Our results corroborate those of other studies of depressive subjects that have found improvements in attention and inhibitory control and no change in working memory.19 The improvements in attention and inhibitory control immediately after and 15 minutes after exercise can be associated with activated brain areas such as the anterior cingulate, which present impaired activation in depressive subjects. Moreover, exercise may promote the activation of the reticular formation that is responsible for the modulation of attention and arousal. Bartholomew et al.30 have shown that acute exercise can improve the mood of depressed individuals in addition to yielding cognitive improvement. Studies with young and elderly healthy subjects have observed that cognitive function is immediately improved after physical exercise.16,19 This effect appears to occur only when aerobic exercise is applied.16 The improvement in cognition and mood after exercise in depressive and healthy subjects has been attributed to the acute release of neurotransmitters.31 However, recent data have confirmed that acute exercise also increases the levels of neurotrophic factors, such as BDNF (Brain-Derived Neurotrophic Factor).32 Higher levels of BDNF immediately after exercise may enhance neurogenesis, neuronal plasticity, learning abilities, memory, and mood.33
Dual tasks that comprise only cognitive tasks are more difficult to perform than dual tasks that include one physical task, especially for depressive subjects.34 Cognitive performance during exercise is still a matter of debate. Some studies have shown an impaired performance in complex tasks that depend on frontal functions,7,35 whereas other studies have shown improvement.5,6 Contrary to our expectations, we did not observe differences in cognitive function during exercise. However, this study was conducted with physically active patients, which might explain why we observed no impairment during exercise. Because the subjects included in this study were trained and adapted to the motor tasks, the processing demand required to perform the task was reduced (Task Automatization Hypothesis), thus minimizing the detrimental effect of the dual task.
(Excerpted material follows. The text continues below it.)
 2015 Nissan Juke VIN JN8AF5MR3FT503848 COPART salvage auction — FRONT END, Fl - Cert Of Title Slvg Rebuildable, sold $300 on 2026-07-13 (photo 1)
In the present study, we used a session with no exercise to control for possible responses generated by the learning effect. However, we did not observe significant changes in the test scores during this session except for the SCW incongruence subitem for the immediately after time point vs. the before exercise time point. This response may not be explained by the learning effect because the post-15 and during test results were not different. Hence, we suggest that the responses were influenced by physical exercise.
This study has some limitations that should be taken into consideration. As a preliminary report, we assessed a small number of patients. Further studies that focus on healthy controls and that use direct markers of exercise intensity such as oxygen consumption are warranted.
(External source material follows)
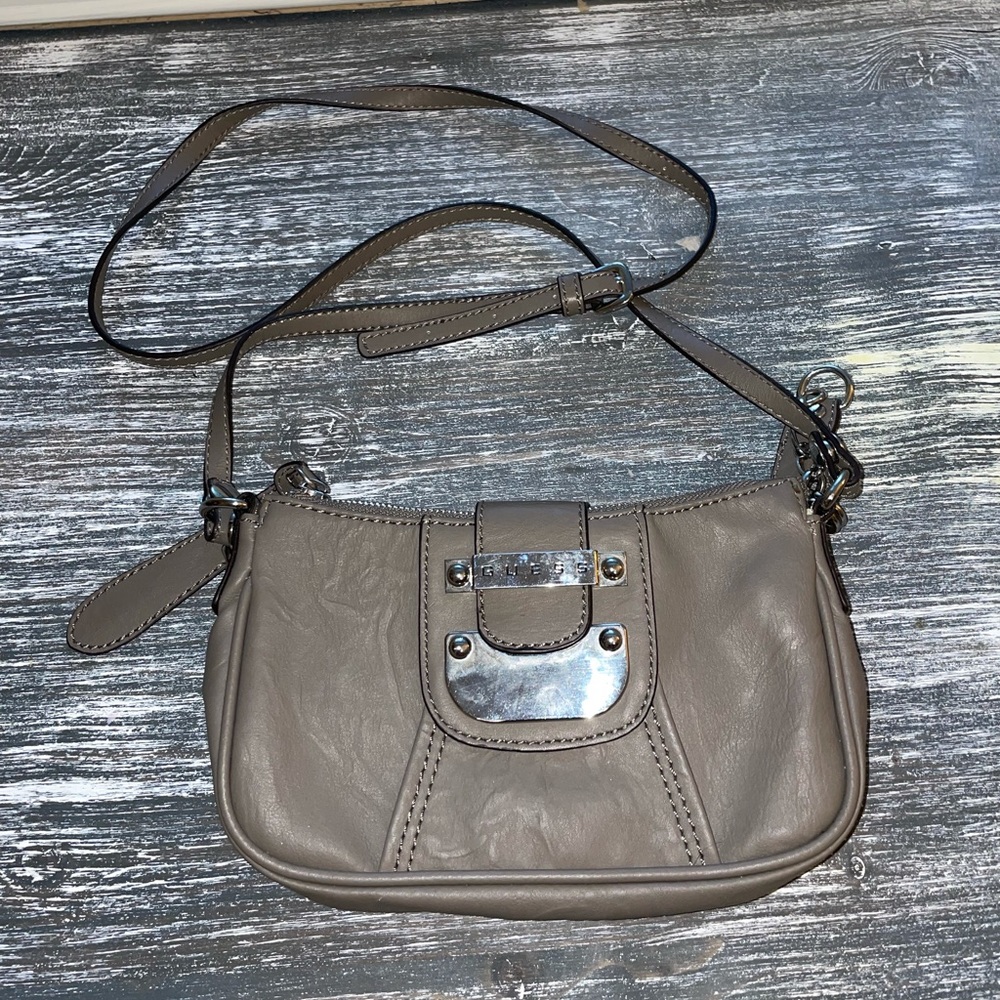 Guess mini grey crossbody.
CONCLUSIONIn conclusion, our study provides evidence that the cognitive function of depressed elderly persons is enhanced immediately after and 15 minutes following a session of physical exercise. Moreover, cognitive function is not impaired during the dual-task activity (motor and cognitive tasks). The dual task may be a safe and useful tool to assess cognitive function during and after exercise.
This work was supported by the Brazilian National Council of Research and the Foundation for Research Support of Rio de Janeiro.
This project was conducted at the Center for Alzheimer's Disease and Related Disorders, Institute of Psychiatry, Federal University of Rio de Janeiro, Brazil.